What you should do: Reproduce the data that follows character for character, but omit its pictures.
────────────────
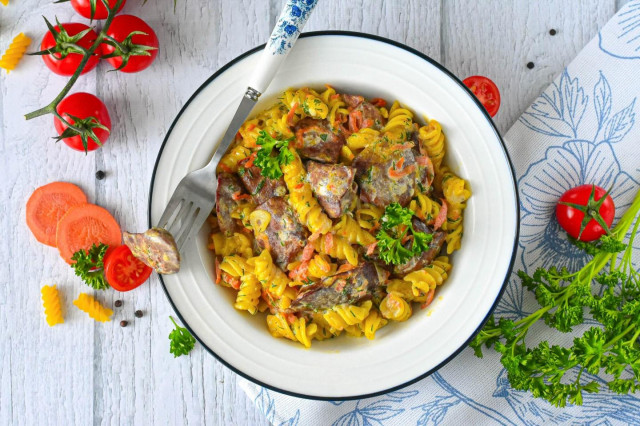 Куриная печень с макаронами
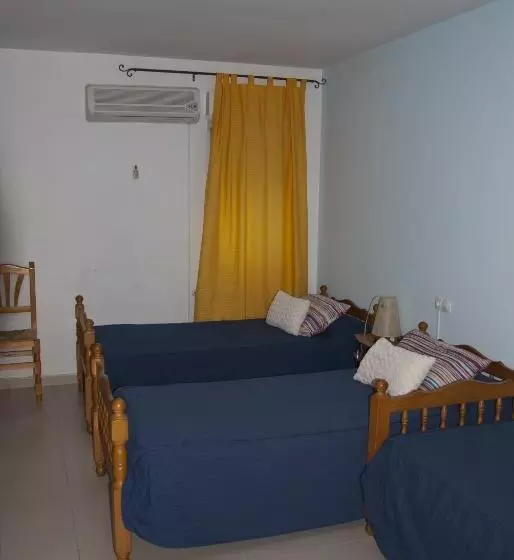 پانسیون Hostal Y Apartamentos La Vereda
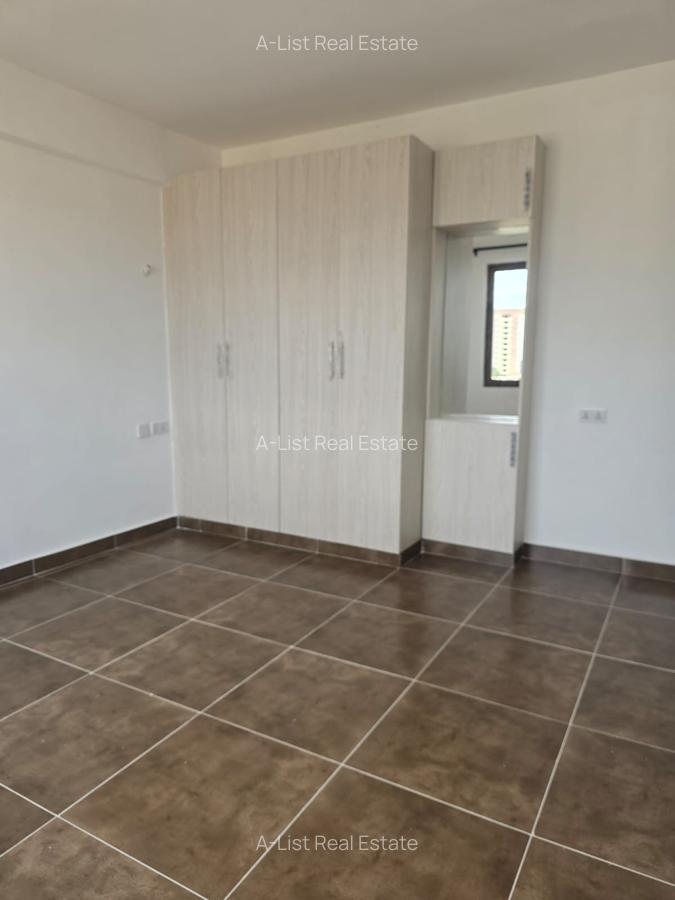 3 Bed Apartment with En Suite at 2Nd Avenue - 17
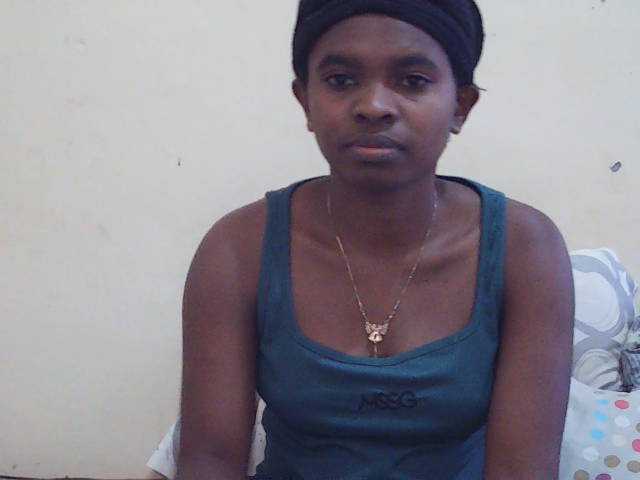 Sweetdiva2 live cam on BongaCams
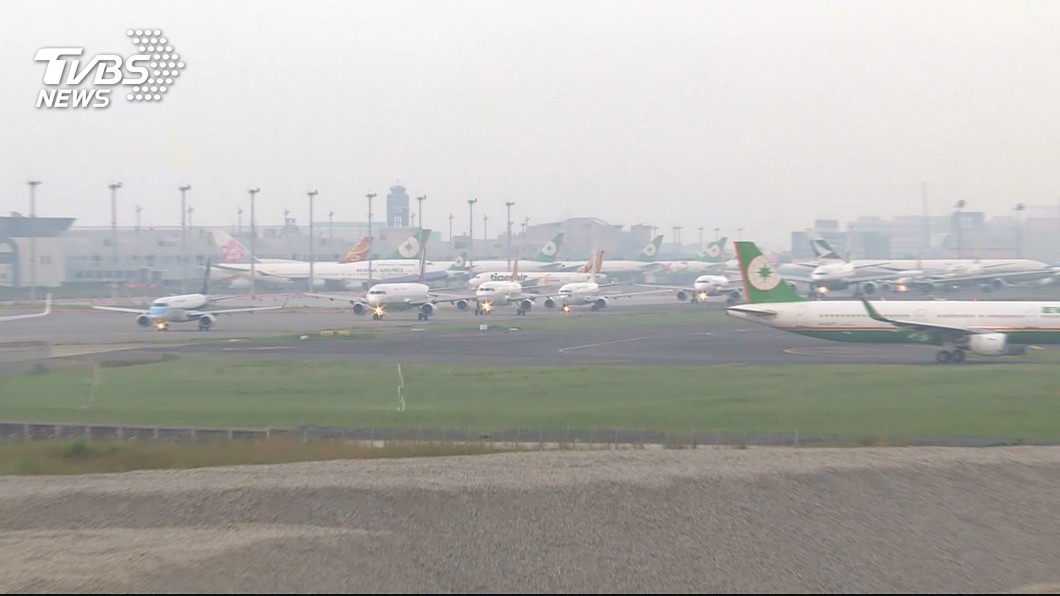 圖／TVBS 若颱風來襲　民航局：部分機場關閉滑行道停放航機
────────────────
Solution below:
 Куриная печень с макаронами
 پانسیون Hostal Y Apartamentos La Vereda
 3 Bed Apartment with En Suite at 2Nd Avenue - 17
 Sweetdiva2 live cam on BongaCams
 圖／TVBS 若颱風來襲　民航局：部分機場關閉滑行道停放航機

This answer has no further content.